§ Your assignment
Under this line are the records; write out word for word the part that begins at the line containing "Руис не хочет" and ends at the line containing "chỉ cần có anh chapter 7 23", and no more.
═════ Data for this exercise
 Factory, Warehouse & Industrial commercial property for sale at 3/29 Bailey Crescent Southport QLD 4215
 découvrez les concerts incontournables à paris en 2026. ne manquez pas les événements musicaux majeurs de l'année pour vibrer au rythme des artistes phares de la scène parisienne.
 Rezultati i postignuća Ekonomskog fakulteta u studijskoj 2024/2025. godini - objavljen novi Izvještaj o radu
══════════
═════ Data for this exercise
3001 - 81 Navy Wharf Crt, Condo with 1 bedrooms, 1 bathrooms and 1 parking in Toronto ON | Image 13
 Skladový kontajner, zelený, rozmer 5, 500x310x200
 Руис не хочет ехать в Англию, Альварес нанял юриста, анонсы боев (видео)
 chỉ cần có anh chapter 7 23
══════════
═════ Data for this exercise
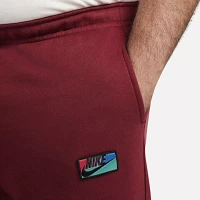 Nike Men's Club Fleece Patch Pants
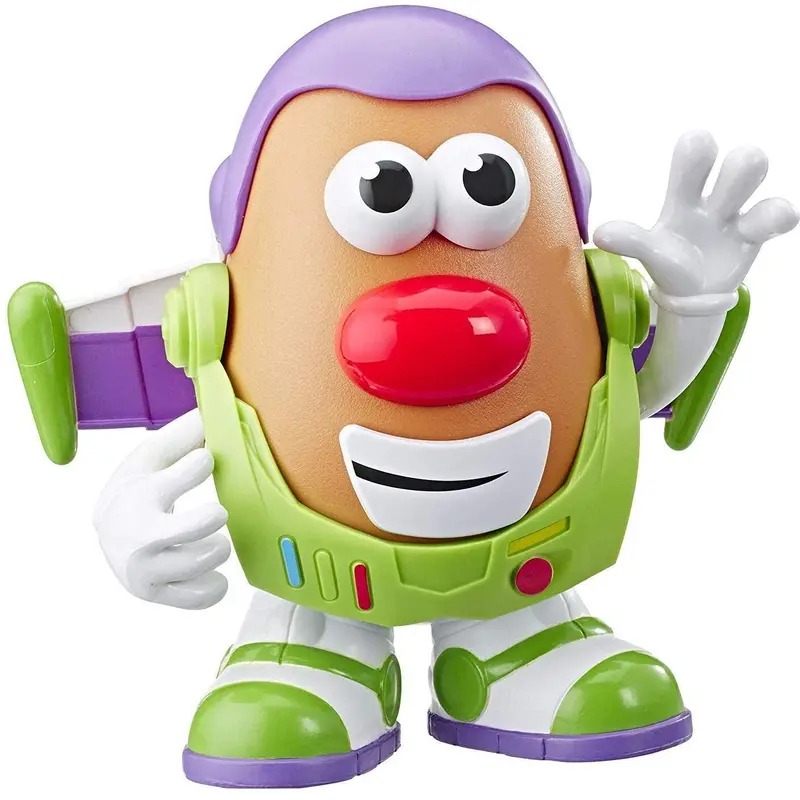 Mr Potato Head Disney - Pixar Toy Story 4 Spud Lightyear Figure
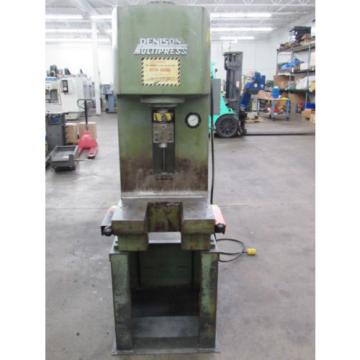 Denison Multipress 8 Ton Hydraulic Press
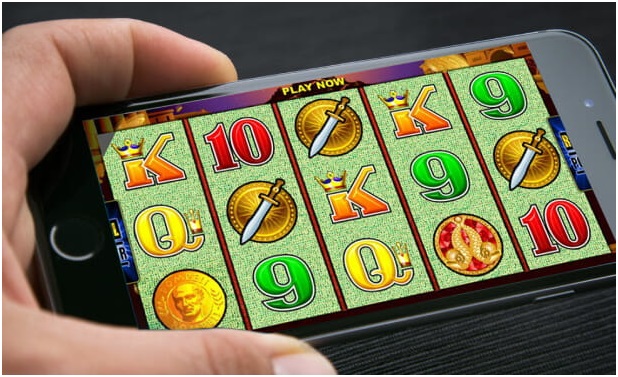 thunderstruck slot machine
══════════
§ Output below
 Руис не хочет ехать в Англию, Альварес нанял юриста, анонсы боев (видео)
 chỉ cần có anh chapter 7 23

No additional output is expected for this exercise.